You never thought it would come to this. After all, these were the same people who you used to spend your Sunday afternoons with at your grandparents’ house. You celebrated Christmases with them and went to their birthday parties growing up. They went to your wedding. They went to your children’s weddings. So of course, you were shocked when you were served with a summons and complaint, and you find out that your once-close family members are suing you.
It could be your aunt, you know, your mother’s sister, or a stepfather, or in the most horrible situations, your own sibling. One of the harshest realities that I’ve learned in my time as a real estate attorney is that while blood may be thicker than water, money is thicker than blood. When it comes down to it, your family will sell you out for a few bucks.
I’m thankful that I haven’t yet had the displeasure of being involved with a case of a parent suing a child or vice versa. I’ve seen brothers and sisters sue each other. A few days ago, I received a call from a stepdaughter who told me that her stepmother’s sister, who had power of attorney, was purposely letting the stepmother’s home go into foreclosure because the stepmother left the home to her stepchildren in her will. This story, of course, was much more involved, but you get the gist. People don’t mess around when it comes to their money.

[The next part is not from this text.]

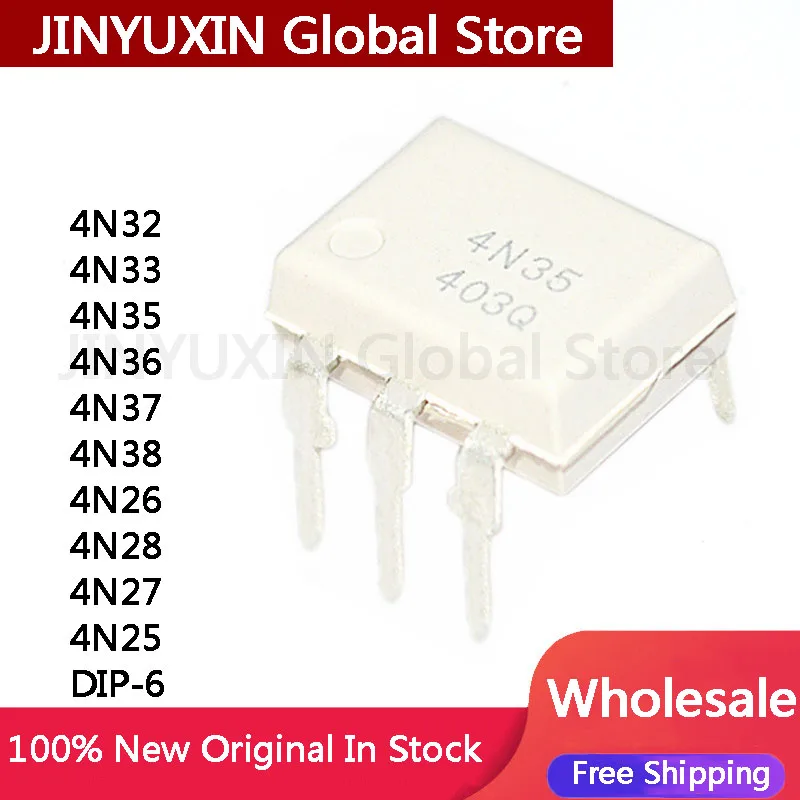 20pcs New 4N38 4N37 4N36 4N35 4N33 4N32 4N27 4N28 4N25 4N26 DIP-6 IC OptoCoupler in Stock Wholesale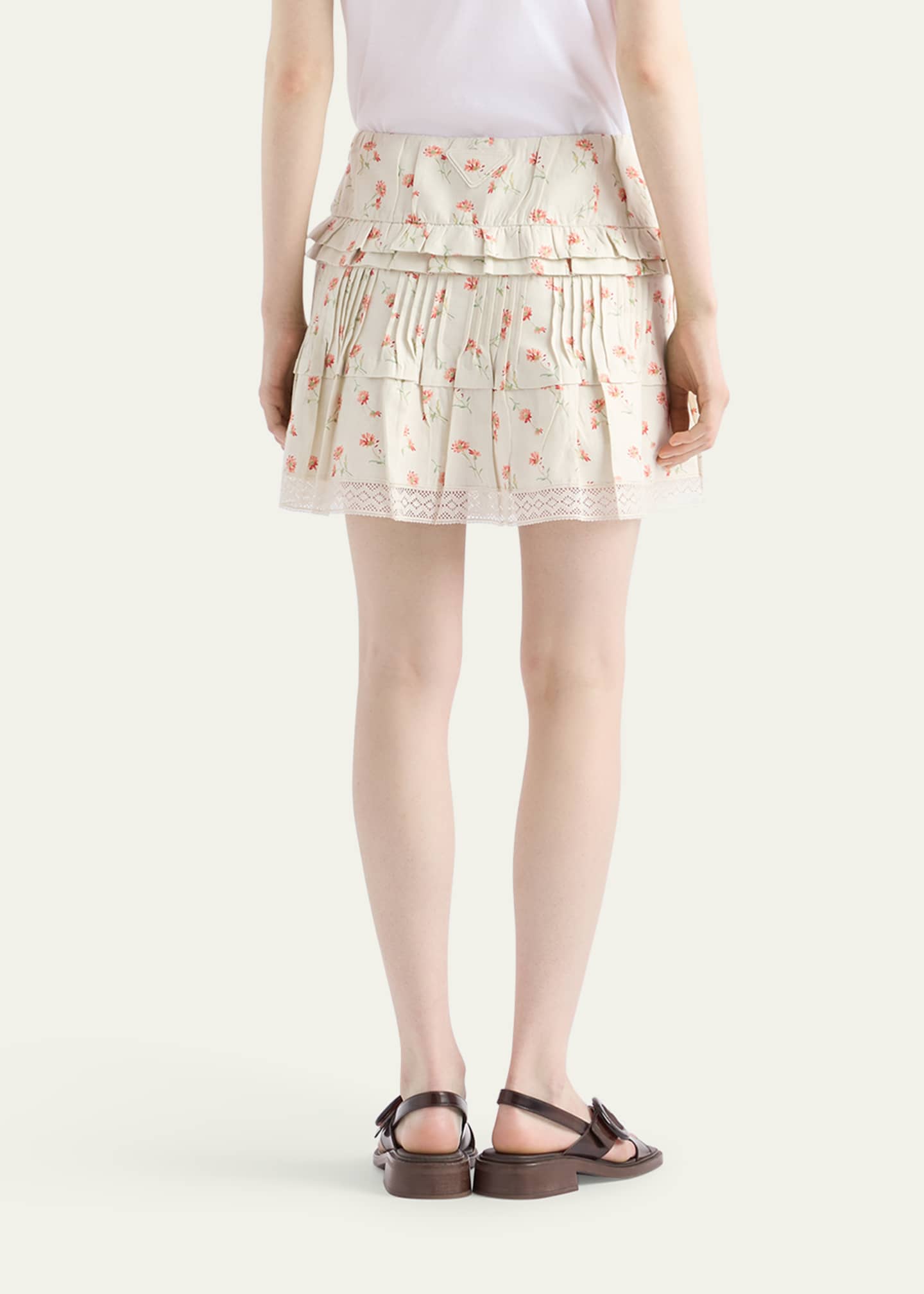 Prada Flower Print Tiered Ruffle Linen Mini Skirt Image 3 of 5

The general facts usually go like this: grandma and grandpa owned a house, and they died without a will, so their interest automatically passed to their kids. Let’s say in this example there are two kids. One of the kids gets married and moves away; the other kid moves into grandma and grandpa’s house. The kid who moves into the house pays the taxes and maintains the property; maybe the kid who moves in is renting out the upstairs. Of course, the kid staying in the property doesn’t share any of this income with the kid who moved out.
At some point, the kid who moved out wants to know what’s up with this house. Maybe the house was located in an up-and-coming neighborhood and is now worth a lot of money. Perhaps the kid who moved in now has his own adult children, and one of the adult grandchildren moves upstairs with his girlfriend, and of course, they’re not paying rent. Even if they were paying rent, Dad isn’t sharing that rent money with his sister who moved out those years ago. Maybe the roof needs to be replaced, and the kid who moved in asks the kid who moves out to help with the expense. Or worse, maybe the kid who moved out gets served with a summons and complaint for a tax lien foreclosure (which means that the kid who moved in hasn’t been paying the property taxes for a while).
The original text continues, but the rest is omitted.